__ABOUT THIS TASK__. Output every line below exactly.

(Beginning of EXTRACTED MATERIAL)

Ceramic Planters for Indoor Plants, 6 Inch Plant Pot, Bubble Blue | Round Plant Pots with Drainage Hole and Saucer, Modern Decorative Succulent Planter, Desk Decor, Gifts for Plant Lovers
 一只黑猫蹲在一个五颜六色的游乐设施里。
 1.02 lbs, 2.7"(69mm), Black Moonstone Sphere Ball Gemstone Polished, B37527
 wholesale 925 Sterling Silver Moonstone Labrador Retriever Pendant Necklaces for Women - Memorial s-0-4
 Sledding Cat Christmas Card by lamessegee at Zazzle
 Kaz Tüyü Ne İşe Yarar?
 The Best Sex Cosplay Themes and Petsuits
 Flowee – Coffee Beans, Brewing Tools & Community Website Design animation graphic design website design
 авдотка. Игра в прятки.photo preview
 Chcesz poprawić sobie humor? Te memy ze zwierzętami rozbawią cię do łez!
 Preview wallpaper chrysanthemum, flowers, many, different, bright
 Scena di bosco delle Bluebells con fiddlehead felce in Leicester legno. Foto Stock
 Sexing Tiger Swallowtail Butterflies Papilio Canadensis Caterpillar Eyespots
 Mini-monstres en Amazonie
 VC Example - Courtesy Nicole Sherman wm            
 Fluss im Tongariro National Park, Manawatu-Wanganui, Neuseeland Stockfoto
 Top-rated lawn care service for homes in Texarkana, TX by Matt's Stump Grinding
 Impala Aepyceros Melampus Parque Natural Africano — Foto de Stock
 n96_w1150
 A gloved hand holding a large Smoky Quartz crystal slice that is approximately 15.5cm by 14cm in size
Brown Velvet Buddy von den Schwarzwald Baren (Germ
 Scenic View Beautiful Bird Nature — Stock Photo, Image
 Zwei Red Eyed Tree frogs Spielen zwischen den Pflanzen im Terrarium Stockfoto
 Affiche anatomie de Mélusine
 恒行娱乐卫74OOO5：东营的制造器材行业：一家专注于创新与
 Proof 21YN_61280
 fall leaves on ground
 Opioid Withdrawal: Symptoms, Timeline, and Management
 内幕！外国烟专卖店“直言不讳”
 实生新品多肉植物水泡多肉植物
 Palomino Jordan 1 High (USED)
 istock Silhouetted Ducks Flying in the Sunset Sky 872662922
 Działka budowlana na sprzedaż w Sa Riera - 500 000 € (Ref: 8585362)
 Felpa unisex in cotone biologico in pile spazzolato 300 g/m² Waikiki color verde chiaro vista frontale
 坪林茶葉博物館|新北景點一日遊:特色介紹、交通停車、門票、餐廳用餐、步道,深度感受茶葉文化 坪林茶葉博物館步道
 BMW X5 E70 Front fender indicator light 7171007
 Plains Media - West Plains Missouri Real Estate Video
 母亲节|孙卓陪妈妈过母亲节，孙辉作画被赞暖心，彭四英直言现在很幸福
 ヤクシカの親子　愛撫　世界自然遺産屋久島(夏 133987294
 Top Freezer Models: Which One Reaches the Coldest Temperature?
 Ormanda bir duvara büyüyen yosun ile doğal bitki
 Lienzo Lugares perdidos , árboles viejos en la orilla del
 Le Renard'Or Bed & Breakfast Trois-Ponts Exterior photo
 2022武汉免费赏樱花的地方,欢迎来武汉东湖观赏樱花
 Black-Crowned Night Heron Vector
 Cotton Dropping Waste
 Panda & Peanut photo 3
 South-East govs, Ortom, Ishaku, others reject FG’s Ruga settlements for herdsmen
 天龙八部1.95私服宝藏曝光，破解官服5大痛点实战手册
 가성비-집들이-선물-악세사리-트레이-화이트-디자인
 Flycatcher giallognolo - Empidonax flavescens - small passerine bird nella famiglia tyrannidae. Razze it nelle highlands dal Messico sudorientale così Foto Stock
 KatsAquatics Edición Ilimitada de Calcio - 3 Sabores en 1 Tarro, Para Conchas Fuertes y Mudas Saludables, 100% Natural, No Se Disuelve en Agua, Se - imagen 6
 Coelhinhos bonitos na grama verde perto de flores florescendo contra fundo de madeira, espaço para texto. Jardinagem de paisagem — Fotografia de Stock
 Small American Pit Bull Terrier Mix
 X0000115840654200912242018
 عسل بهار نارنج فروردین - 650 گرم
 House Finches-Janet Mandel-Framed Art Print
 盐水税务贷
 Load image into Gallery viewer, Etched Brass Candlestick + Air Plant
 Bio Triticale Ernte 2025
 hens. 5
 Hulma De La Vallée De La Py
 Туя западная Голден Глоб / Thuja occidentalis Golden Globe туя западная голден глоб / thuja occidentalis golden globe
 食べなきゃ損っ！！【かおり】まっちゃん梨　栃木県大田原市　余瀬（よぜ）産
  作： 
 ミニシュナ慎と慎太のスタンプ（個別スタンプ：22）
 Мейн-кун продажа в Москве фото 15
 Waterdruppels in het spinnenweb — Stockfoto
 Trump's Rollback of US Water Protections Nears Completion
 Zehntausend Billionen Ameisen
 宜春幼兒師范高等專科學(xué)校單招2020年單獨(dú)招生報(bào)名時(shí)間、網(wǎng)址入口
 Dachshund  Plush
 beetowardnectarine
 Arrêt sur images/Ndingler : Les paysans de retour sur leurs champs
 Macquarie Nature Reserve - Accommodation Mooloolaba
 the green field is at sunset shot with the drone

(End of EXTRACTED MATERIAL)

__RESULT OF THIS EXERCISE__.
Ceramic Planters for Indoor Plants, 6 Inch Plant Pot, Bubble Blue | Round Plant Pots with Drainage Hole and Saucer, Modern Decorative Succulent Planter, Desk Decor, Gifts for Plant Lovers
 一只黑猫蹲在一个五颜六色的游乐设施里。
 1.02 lbs, 2.7"(69mm), Black Moonstone Sphere Ball Gemstone Polished, B37527
 wholesale 925 Sterling Silver Moonstone Labrador Retriever Pendant Necklaces for Women - Memorial s-0-4
 Sledding Cat Christmas Card by lamessegee at Zazzle
 Kaz Tüyü Ne İşe Yarar?
 The Best Sex Cosplay Themes and Petsuits
 Flowee – Coffee Beans, Brewing Tools & Community Website Design animation graphic design website design
 авдотка. Игра в прятки.photo preview
 Chcesz poprawić sobie humor? Te memy ze zwierzętami rozbawią cię do łez!
 Preview wallpaper chrysanthemum, flowers, many, different, bright
 Scena di bosco delle Bluebells con fiddlehead felce in Leicester legno. Foto Stock
 Sexing Tiger Swallowtail Butterflies Papilio Canadensis Caterpillar Eyespots
 Mini-monstres en Amazonie
 VC Example - Courtesy Nicole Sherman wm            
 Fluss im Tongariro National Park, Manawatu-Wanganui, Neuseeland Stockfoto
 Top-rated lawn care service for homes in Texarkana, TX by Matt's Stump Grinding
 Impala Aepyceros Melampus Parque Natural Africano — Foto de Stock
 n96_w1150
 A gloved hand holding a large Smoky Quartz crystal slice that is approximately 15.5cm by 14cm in size
Brown Velvet Buddy von den Schwarzwald Baren (Germ
 Scenic View Beautiful Bird Nature — Stock Photo, Image
 Zwei Red Eyed Tree frogs Spielen zwischen den Pflanzen im Terrarium Stockfoto
 Affiche anatomie de Mélusine
 恒行娱乐卫74OOO5：东营的制造器材行业：一家专注于创新与
 Proof 21YN_61280
 fall leaves on ground
 Opioid Withdrawal: Symptoms, Timeline, and Management
 内幕！外国烟专卖店“直言不讳”
 实生新品多肉植物水泡多肉植物
 Palomino Jordan 1 High (USED)
 istock Silhouetted Ducks Flying in the Sunset Sky 872662922
 Działka budowlana na sprzedaż w Sa Riera - 500 000 € (Ref: 8585362)
 Felpa unisex in cotone biologico in pile spazzolato 300 g/m² Waikiki color verde chiaro vista frontale
 坪林茶葉博物館|新北景點一日遊:特色介紹、交通停車、門票、餐廳用餐、步道,深度感受茶葉文化 坪林茶葉博物館步道
 BMW X5 E70 Front fender indicator light 7171007
 Plains Media - West Plains Missouri Real Estate Video
 母亲节|孙卓陪妈妈过母亲节，孙辉作画被赞暖心，彭四英直言现在很幸福
 ヤクシカの親子　愛撫　世界自然遺産屋久島(夏 133987294
 Top Freezer Models: Which One Reaches the Coldest Temperature?
 Ormanda bir duvara büyüyen yosun ile doğal bitki
 Lienzo Lugares perdidos , árboles viejos en la orilla del
 Le Renard'Or Bed & Breakfast Trois-Ponts Exterior photo
 2022武汉免费赏樱花的地方,欢迎来武汉东湖观赏樱花
 Black-Crowned Night Heron Vector
 Cotton Dropping Waste
 Panda & Peanut photo 3
 South-East govs, Ortom, Ishaku, others reject FG’s Ruga settlements for herdsmen
 天龙八部1.95私服宝藏曝光，破解官服5大痛点实战手册
 가성비-집들이-선물-악세사리-트레이-화이트-디자인
 Flycatcher giallognolo - Empidonax flavescens - small passerine bird nella famiglia tyrannidae. Razze it nelle highlands dal Messico sudorientale così Foto Stock
 KatsAquatics Edición Ilimitada de Calcio - 3 Sabores en 1 Tarro, Para Conchas Fuertes y Mudas Saludables, 100% Natural, No Se Disuelve en Agua, Se - imagen 6
 Coelhinhos bonitos na grama verde perto de flores florescendo contra fundo de madeira, espaço para texto. Jardinagem de paisagem — Fotografia de Stock
 Small American Pit Bull Terrier Mix
 X0000115840654200912242018
 عسل بهار نارنج فروردین - 650 گرم
 House Finches-Janet Mandel-Framed Art Print
 盐水税务贷
 Load image into Gallery viewer, Etched Brass Candlestick + Air Plant
 Bio Triticale Ernte 2025
 hens. 5
 Hulma De La Vallée De La Py
 Туя западная Голден Глоб / Thuja occidentalis Golden Globe туя западная голден глоб / thuja occidentalis golden globe
 食べなきゃ損っ！！【かおり】まっちゃん梨　栃木県大田原市　余瀬（よぜ）産
  作： 
 ミニシュナ慎と慎太のスタンプ（個別スタンプ：22）
 Мейн-кун продажа в Москве фото 15
 Waterdruppels in het spinnenweb — Stockfoto
 Trump's Rollback of US Water Protections Nears Completion
 Zehntausend Billionen Ameisen
 宜春幼兒師范高等專科學(xué)校單招2020年單獨(dú)招生報(bào)名時(shí)間、網(wǎng)址入口
 Dachshund  Plush
 beetowardnectarine
 Arrêt sur images/Ndingler : Les paysans de retour sur leurs champs
 Macquarie Nature Reserve - Accommodation Mooloolaba
 the green field is at sunset shot with the drone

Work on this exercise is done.